Bayram Balci fait intelligemment le lien entre cette histoire et la situation contemporaine. Si l’ouverture des frontières a permis un nouvel essor de la religion, les États d’Asie centrale et du Caucase en ont rapidement restreint les expressions plurielles, potentiellement néfastes pour les pouvoirs politiques. Marqués par l’histoire séculière soviétique, ils ont maintenu le contrôle de la religion, se dotant de structures définissant un islam national, un « bon » islam auquel s’identifier (en Asie centrale, il s’agit d’un islam fidèle aux enseignements du sunnisme traditionnel hannafite).

L’islam sert ainsi à légitimer l’État – l’Azerbaïdjanais Heydar Aliyev s’y réfère pour effacer son passé de responsable au KGB –, mais sans que lui soit conféré nul pouvoir politique. Les pratiques populaires, apolitiques, comme les pèlerinages, sont encouragées. Voici la thèse centrale du livre : chaque pays, dans sa volonté de différenciation et de construction d’une identité, a favorisé l’émergence d’un islam national, fruit de l’histoire et des contextes nationaux.

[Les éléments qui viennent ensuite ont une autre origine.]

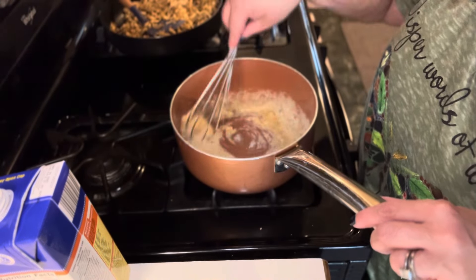Out of the oven — they took about 15 minutes at 350 and they're bubbly and they smell delicious. You have to make this recipe.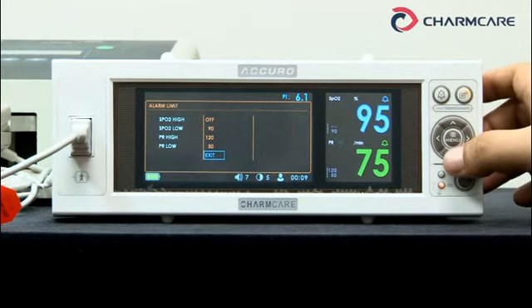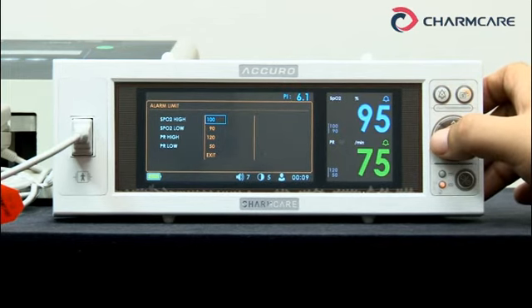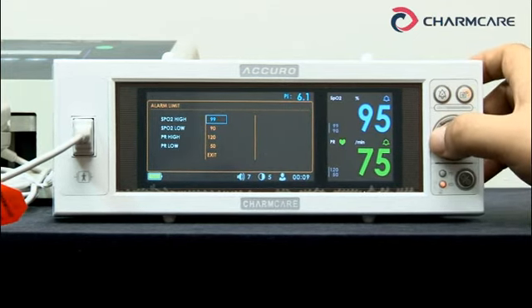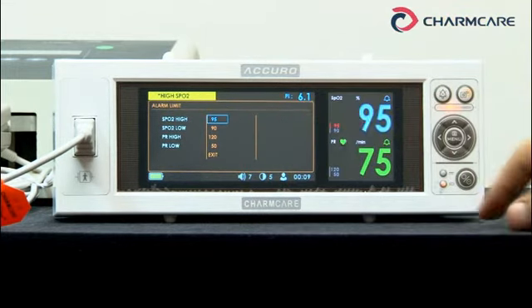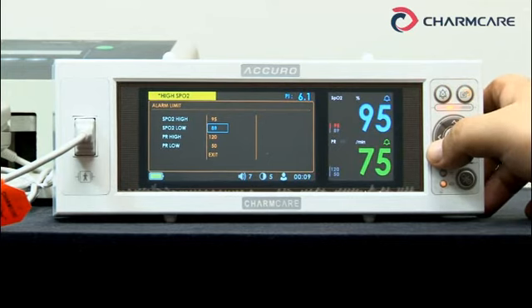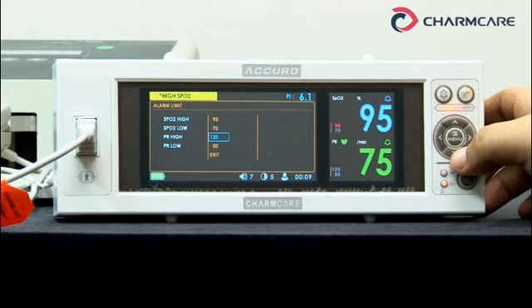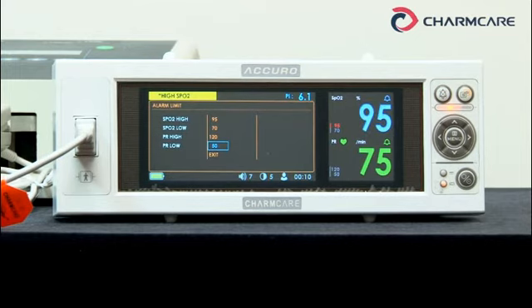Alarm limit — press this button to get into the sub-menu. SPO2 high: sets the alarm upper limit for SPO2 value — now it's 100. Let's change it to, for example, 95. You can see the yellow part appears — it's a visual alarm and sound alarm together. SPO2 low: sets the alarm lower limit for SPO2 value. Let's make it 70. Pulse rate high: same as SPO2, sets the upper limit for pulse rate. Pulse rate low: sets the lower limit for pulse rate — you can change the value here.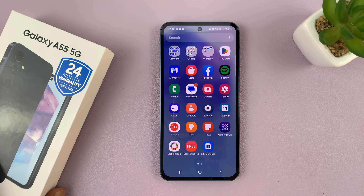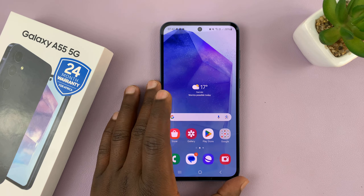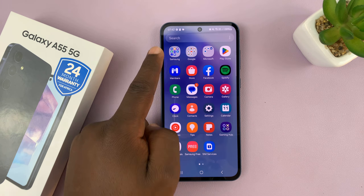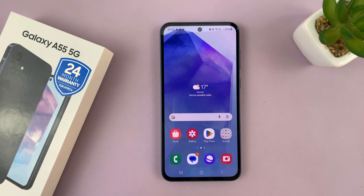I have the Samsung Galaxy A55, and in case the voice recorder is missing, I'll be showing you how to install it. The voice recorder app normally comes pre-installed on Samsung phones including this one, and you should find it inside the Samsung folder. It should be somewhere here. Now since it's missing on mine, here's how to install it.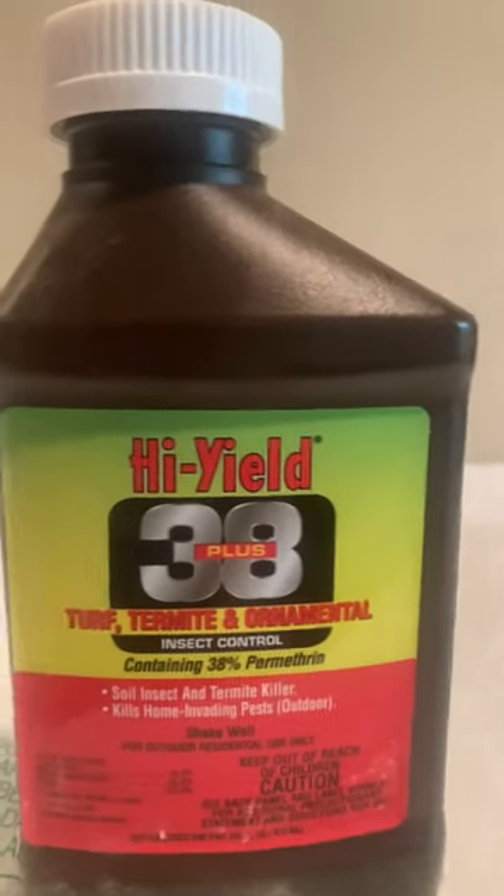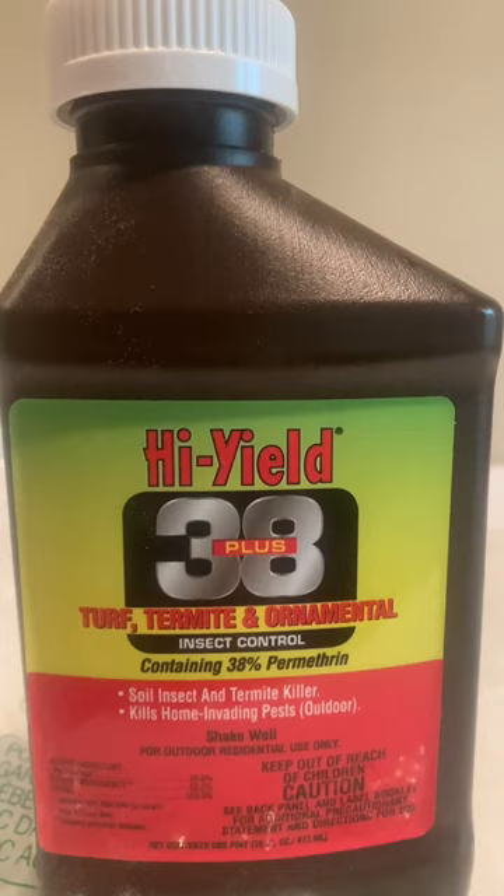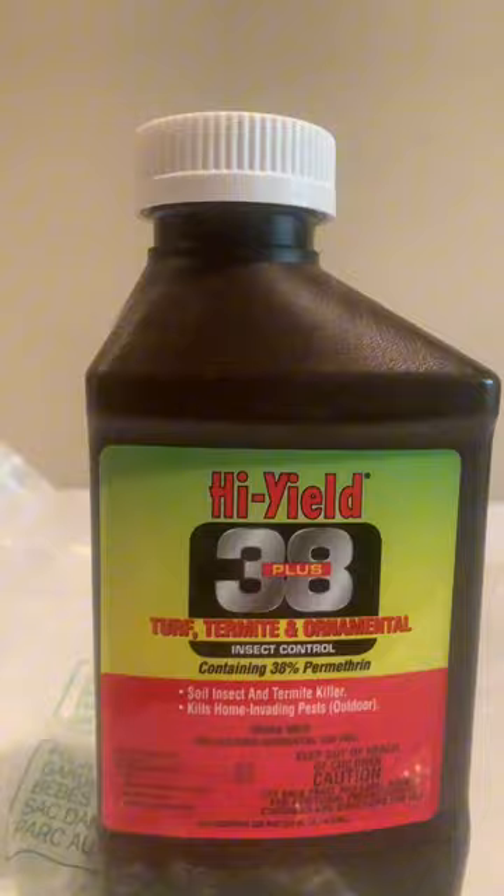I love this High Yield 38 Plus for controlling insects. It's made for all kinds of different insects: bark beetles, bagworms, mosquitoes, ants, beetles, cockroaches, mole crickets, and spiders.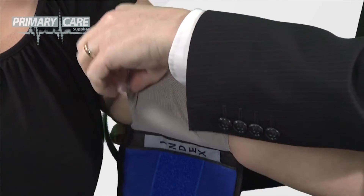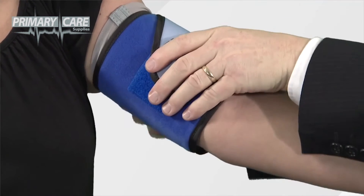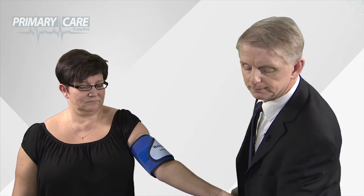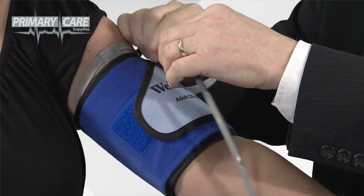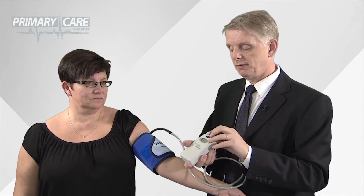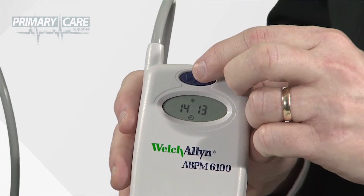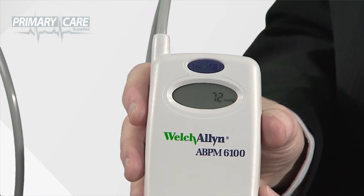When you're ready to fit the cuff, take the elasticated sleeve and slide it up the arm into position. Then wrap the cuff around the patient's arm until the Velcro fastens, with the cuff tubing pointing towards the top. Attach the ABPM unit tubing to the cuff tubing. To start the test, press the blue button on the front of the ABPM unit twice.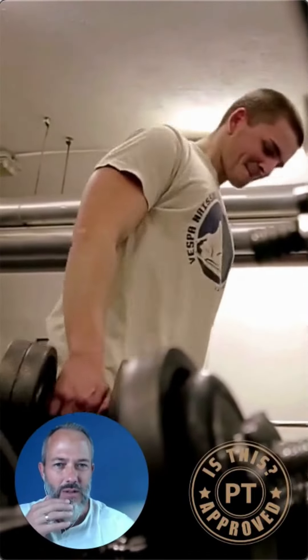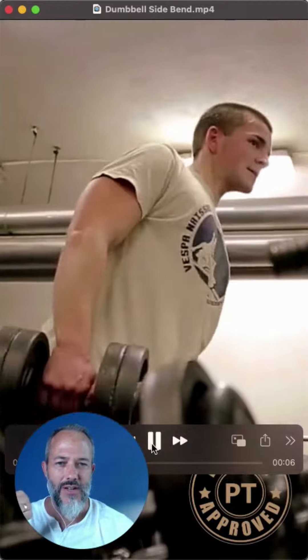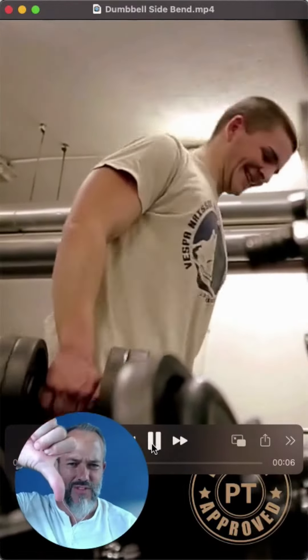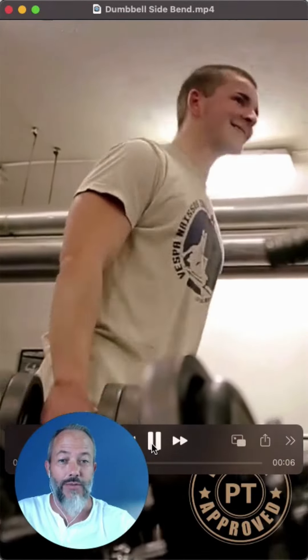Today's exercise is weighted lateral bends, or side bends. I'm going to give this one a thumbs down. I think there are many different ways that you can work your internal and external obliques that don't involve this movement.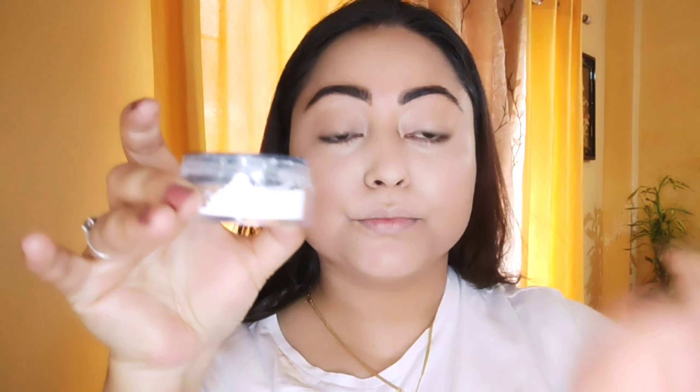I'm going to blend the foundation with a damp beauty blender. For my concealer, I'm going with the Fit Me concealer from Maybelline in shade 10. I'm drawing it in an upward direction — when you apply your concealer this way, it creates an illusion of elongating your face and makes it look slimmer.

Autre apport important de l’ouvrage, les diverses formes de religiosité présentes sont référencées et contextualisées. Ainsi de la Jama’at al Tabligh, venue d’Asie du Sud, peu influente et seulement présente au Kirghizstan. Ainsi également des réseaux de la confrérie Nakhsibendiyya du « parti de la libération » (Hizb ul Tahrir), surveillé et combattu. Au total, il ressort que le rôle politique de l’islam comme contre-pouvoir reste très limité.

Les États étudiés se différencient aussi dans leur rapport aux influences extérieures, nées de l’ouverture et de la nécessaire coopération avec les producteurs d’islam. L’auteur déconstruit l’idée d’une prééminence d’États se présentant comme les défenseurs de l’islam au niveau mondial. L’Iran joue ainsi un rôle mineur sur cet espace avec lequel il partage pourtant une histoire, trop occupé à des considérations géopolitiques dans sa relation avec Bakou par exemple. Le rôle de l’Arabie Saoudite est aussi minoré, quoique les fondations Al-Haramain et la International Islamic Relief Organisation et ses lieux saints constituent un réel soft power pour le pouvoir saoudien. En revanche, la Turquie laïque apparaît la plus influente dans cet espace. Si elle est repoussée dans son rôle de « nouveau grand frère », le détail que donne l’auteur des outils turcs est impressionnant, qu’il s’agisse de la Diyanet ou encore des écoles du mouvement Gülen.

Bayram Balci livre ici un texte utile à la compréhension de l’histoire religieuse de cet espace et des forces centrifuges qui pourraient le déstabiliser ; et une étude fouillée, singulière en langue française, pour tous ceux qui s’intéressent au regain de l’islam en Asie centrale et dans le Caucase.